Track A — Non-Developers

You describe what you want in plain English. An AI assistant (Claude, ChatGPT, Copilot, etc.) generates the entire project for you. You just run it.

Track B — AI Agents & Developers

You want to understand the architecture: how requirements decompose into blocks, how blocks wire together, and why the framework is designed this way.


All Tutorials


Tutorial 1: Tip Calculator

You’re at a restaurant with friends. You want a tool that takes the bill amount, tip percentage, and number of people — then tells you exactly how much each person pays. Let’s build it.

Beginner Node.js ~15 minutes

What you’ll learn

  • How to create a BOA project from scratch
  • How blocks encapsulate single responsibilities
  • How workflows chain blocks together with data mapping
  • How to test and validate everything with one command

What you’ll build

Two blocks and one workflow:

TipCalculator/
  project.boa ← project overview
  blocks.boa ← block registry
  src/
    DomainBlocks/
      CalculateTip/
        block.boa ← manifest + rules + tests
        index.ts ← implementation
    Primitives/
      SplitBill/
        block.boa
        index.ts
  workflows/
    tip-calculator/
      workflow.boa ← chains blocks together
      input.json ← sample input

The data flows like this:

data flowInput: { billAmount: 85.50, tipPercent: 18, people: 3 }

  CalculateTip  →  tipAmount: 15.39, totalWithTip: 100.89
        |
  SplitBill     →  perPerson: 33.63

Output: Each person pays $33.63
How this works You don’t need to write any code.

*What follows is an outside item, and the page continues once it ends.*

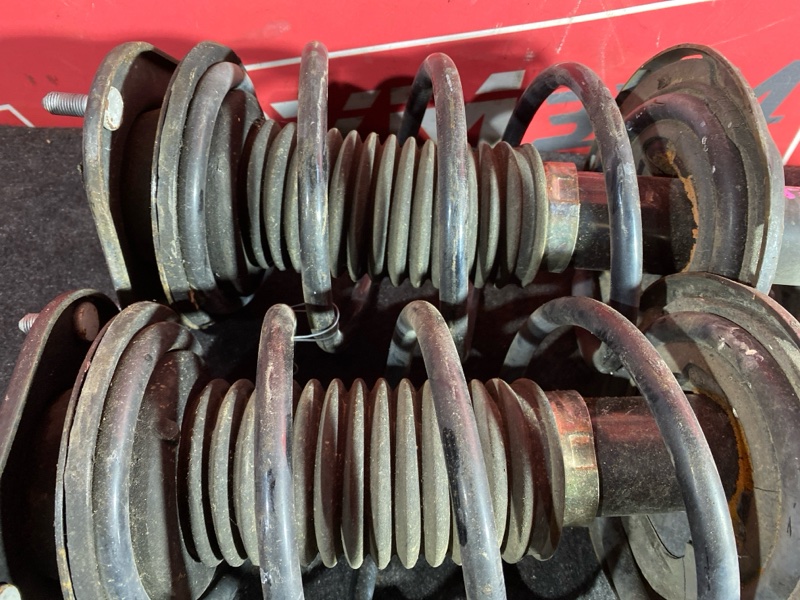 Стойка подвески, 4000 рублей, Солонцы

You’ll describe what you want to an AI assistant, and it will generate the entire project for you. You just run the commands to see the result.

Install the BOA CLI

Open a terminal and run this command. It gives you the boa tool that runs your projects:

bashnpm install -g @boa-framework/core

Verify it worked:

bashboa --help

Create a project folder

Create a new folder and initialize it as a BOA project:

bashmkdir TipCalculator && cd TipCalculator
boa init

This sets up the basic project structure. You now have a project.boa, blocks.boa, and src/ directory ready to go.

Give your AI assistant this prompt

Open this project folder in your AI coding assistant (Claude Code, Cursor, GitHub Copilot, etc.) and give it this prompt:

“I want a tip calculator. It takes a bill amount, a tip percentage, and the number of people. It should calculate the tip, add it to the bill, then split the total evenly. Tell me how much each person pays. Round everything to 2 decimal places. Use Node.js.”

The AI will read your project’s CLAUDE.md (or equivalent instructions), understand the BOA framework, and generate all the blocks, manifests, and workflows automatically.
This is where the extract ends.